### Exercise
In the records below, begin at the line containing "MXUA80ハリアーナビ用G-JUSTキャンセラーAIT-LEX-GIF-N ナビ男くん G" and end at the line containing "Electric octopus scalp"; quote every line in that span exactly, including both boundary lines, and no others.

Entries taken from a collection
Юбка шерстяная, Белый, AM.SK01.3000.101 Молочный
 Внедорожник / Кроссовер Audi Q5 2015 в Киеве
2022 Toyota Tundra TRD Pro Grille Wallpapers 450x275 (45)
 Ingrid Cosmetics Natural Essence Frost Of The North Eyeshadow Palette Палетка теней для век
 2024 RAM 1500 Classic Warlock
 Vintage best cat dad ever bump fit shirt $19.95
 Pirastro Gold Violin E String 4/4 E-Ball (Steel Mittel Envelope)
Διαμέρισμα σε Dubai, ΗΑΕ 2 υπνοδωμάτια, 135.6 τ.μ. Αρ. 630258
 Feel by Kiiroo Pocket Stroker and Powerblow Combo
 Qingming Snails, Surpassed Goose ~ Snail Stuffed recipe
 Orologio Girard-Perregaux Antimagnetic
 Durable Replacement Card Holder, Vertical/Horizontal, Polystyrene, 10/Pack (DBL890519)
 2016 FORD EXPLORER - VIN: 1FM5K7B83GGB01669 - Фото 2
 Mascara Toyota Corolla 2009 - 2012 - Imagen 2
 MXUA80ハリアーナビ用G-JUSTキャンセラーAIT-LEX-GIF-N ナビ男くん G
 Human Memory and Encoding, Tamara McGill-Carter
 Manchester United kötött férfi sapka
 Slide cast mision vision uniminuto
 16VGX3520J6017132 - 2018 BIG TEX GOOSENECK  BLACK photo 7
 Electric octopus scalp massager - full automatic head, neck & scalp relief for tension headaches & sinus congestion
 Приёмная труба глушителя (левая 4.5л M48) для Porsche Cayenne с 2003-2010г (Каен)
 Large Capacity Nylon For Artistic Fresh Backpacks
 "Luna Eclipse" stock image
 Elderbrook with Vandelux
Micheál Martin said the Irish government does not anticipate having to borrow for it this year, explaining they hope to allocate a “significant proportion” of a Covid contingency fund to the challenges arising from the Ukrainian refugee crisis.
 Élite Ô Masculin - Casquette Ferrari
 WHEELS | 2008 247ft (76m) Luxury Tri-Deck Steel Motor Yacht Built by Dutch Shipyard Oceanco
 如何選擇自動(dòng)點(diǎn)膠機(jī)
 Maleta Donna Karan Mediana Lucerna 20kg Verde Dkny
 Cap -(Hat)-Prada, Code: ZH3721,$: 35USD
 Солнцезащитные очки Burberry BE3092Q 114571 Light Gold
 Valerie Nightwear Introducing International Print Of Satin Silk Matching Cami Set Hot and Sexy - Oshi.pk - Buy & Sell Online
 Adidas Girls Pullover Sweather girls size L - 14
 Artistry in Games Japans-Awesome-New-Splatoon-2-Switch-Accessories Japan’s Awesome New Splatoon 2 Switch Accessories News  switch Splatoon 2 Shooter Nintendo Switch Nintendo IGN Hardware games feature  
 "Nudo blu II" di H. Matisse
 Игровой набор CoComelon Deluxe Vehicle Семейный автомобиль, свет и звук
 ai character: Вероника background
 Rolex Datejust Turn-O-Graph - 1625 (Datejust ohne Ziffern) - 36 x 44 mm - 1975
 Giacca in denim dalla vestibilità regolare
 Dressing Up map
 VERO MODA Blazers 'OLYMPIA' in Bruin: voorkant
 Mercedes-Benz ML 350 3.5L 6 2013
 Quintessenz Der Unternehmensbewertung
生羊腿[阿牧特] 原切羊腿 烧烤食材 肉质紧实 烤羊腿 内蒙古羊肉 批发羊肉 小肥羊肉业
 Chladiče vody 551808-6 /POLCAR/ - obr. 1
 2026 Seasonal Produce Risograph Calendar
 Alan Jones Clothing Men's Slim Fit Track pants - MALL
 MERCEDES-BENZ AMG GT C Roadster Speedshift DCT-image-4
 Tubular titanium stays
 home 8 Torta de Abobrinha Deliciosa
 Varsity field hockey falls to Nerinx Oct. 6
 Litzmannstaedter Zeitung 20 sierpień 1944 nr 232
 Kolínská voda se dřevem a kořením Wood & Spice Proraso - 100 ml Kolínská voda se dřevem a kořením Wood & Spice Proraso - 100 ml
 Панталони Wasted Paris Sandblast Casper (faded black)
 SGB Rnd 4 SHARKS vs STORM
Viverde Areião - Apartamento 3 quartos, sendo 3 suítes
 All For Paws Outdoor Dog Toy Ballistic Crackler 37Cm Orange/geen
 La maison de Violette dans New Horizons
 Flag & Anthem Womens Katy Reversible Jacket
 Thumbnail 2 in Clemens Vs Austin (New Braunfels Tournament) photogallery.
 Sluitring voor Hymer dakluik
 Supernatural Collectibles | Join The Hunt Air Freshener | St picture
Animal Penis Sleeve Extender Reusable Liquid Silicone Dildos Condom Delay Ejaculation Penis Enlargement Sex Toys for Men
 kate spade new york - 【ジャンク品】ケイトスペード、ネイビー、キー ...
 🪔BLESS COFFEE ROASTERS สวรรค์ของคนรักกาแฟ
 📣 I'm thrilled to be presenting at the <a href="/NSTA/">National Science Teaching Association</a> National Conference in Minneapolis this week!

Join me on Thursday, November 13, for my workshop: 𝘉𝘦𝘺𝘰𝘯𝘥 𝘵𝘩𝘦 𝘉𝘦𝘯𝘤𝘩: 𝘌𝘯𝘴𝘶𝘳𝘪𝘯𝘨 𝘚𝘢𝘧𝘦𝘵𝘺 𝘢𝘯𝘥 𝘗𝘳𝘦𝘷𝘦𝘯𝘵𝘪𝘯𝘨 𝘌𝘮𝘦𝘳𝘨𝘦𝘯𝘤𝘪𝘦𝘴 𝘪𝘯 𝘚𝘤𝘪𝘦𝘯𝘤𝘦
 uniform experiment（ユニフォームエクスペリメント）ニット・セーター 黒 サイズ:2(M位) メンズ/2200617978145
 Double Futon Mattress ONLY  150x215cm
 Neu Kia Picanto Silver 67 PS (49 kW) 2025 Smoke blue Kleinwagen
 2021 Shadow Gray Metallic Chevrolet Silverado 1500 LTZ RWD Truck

### Answer area
 MXUA80ハリアーナビ用G-JUSTキャンセラーAIT-LEX-GIF-N ナビ男くん G
 Human Memory and Encoding, Tamara McGill-Carter
 Manchester United kötött férfi sapka
 Slide cast mision vision uniminuto
 16VGX3520J6017132 - 2018 BIG TEX GOOSENECK  BLACK photo 7
 Electric octopus scalp massager - full automatic head, neck & scalp relief for tension headaches & sinus congestion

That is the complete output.